Subwoofer modification yielded excellent results.

I have dual sealed Dayton subwoofers. I began to wonder what would happen if I drilled holes to relieve the pressure and allow the speakers to achieve more excursion. I don't like the ported 'one note bloat' sound is why I didn't go for a ported design. I see now that a passive radiator is a better option since it alleviates the internal pressure allowing for more cone movement but I have what I have.

So I decided to drill a small 3/8" hole in each corner of the face of the Sub box. I did the front for easy adjustment but could be on the back side so you don't see the holes. (total of 4 in each box) Using rubber corks to plug them up to test and tune the box pressure. No big deal if it didn't work so it seemed like a worthy experiment.

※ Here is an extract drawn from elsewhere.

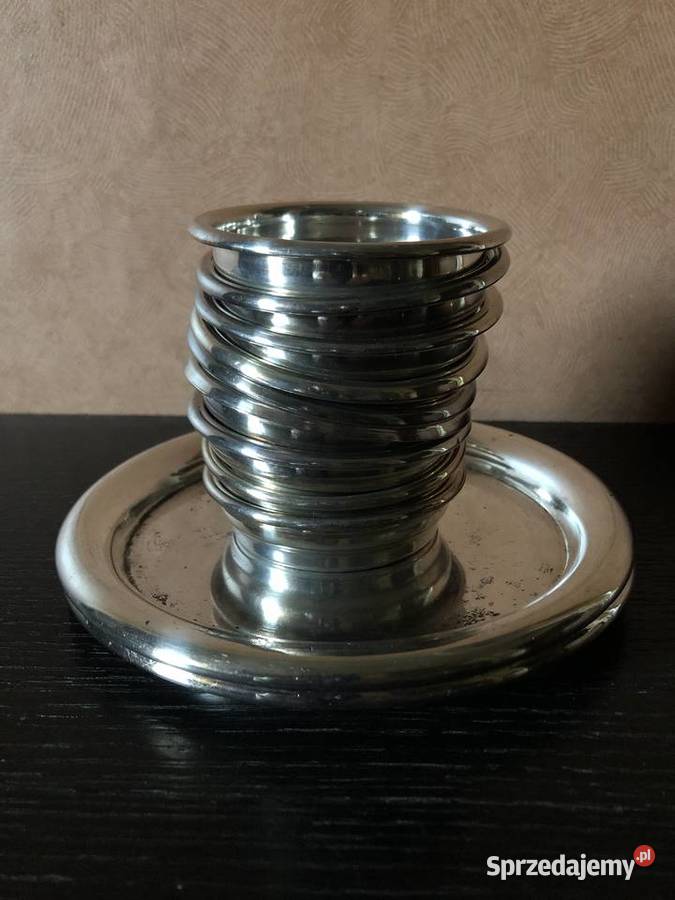 Podstawki Fraget komplet 27 Warszawa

The result was amazingly better bass. No sound is emitted through the small holes but you can feel the air moving. This does allow for more excursion. The bass is tight and MUCH improved and can be tuned using the corks. The holes are unnoticeable. 

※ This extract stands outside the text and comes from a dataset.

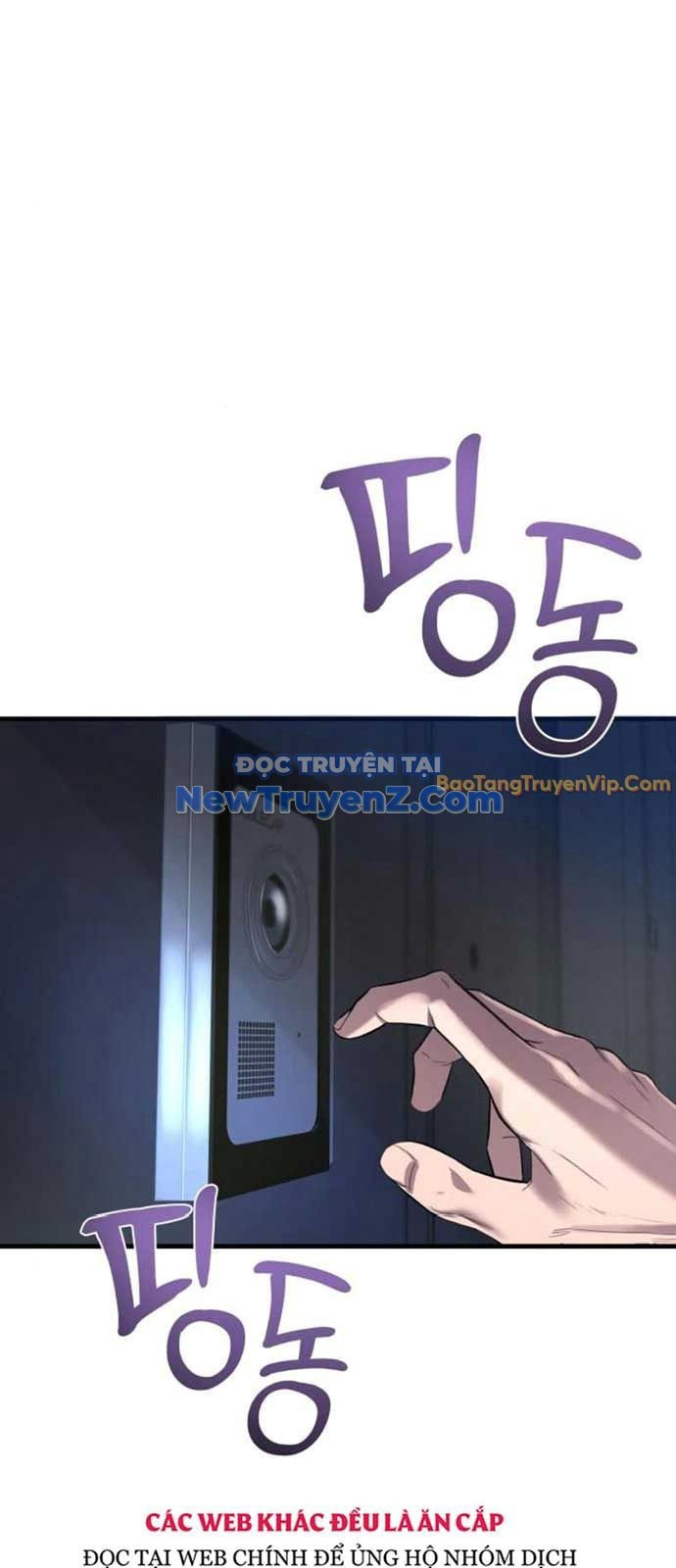Hẹn Hò Rùng Rợn Chương 16 Ảnh 98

The combination of proper phase, connecting to the 'high level inputs' as Paul McCowan (and Rel ) suggests and drilling holes to vent have increased the quality of the bass output enormously. Also required LESS power since the speaker can now breath better and produce more bass. I have no regrets and am VERY pleased with the results. 

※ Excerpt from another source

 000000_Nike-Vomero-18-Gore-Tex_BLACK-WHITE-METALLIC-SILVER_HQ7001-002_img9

Again, if there is no change in sound the sub box can be restored simply by plugging all the holes with the rubber corks and you're back to original condition.  


I am surprised, would love to see this written up with actual measurements of the difference.  I'm pretty sure we could see what's going on in the frequency response.

You may have ended up with the equivalent function of an aperiodic vent design. They all have their pros and cons, so there’s no reason this couldn’t work out great for you.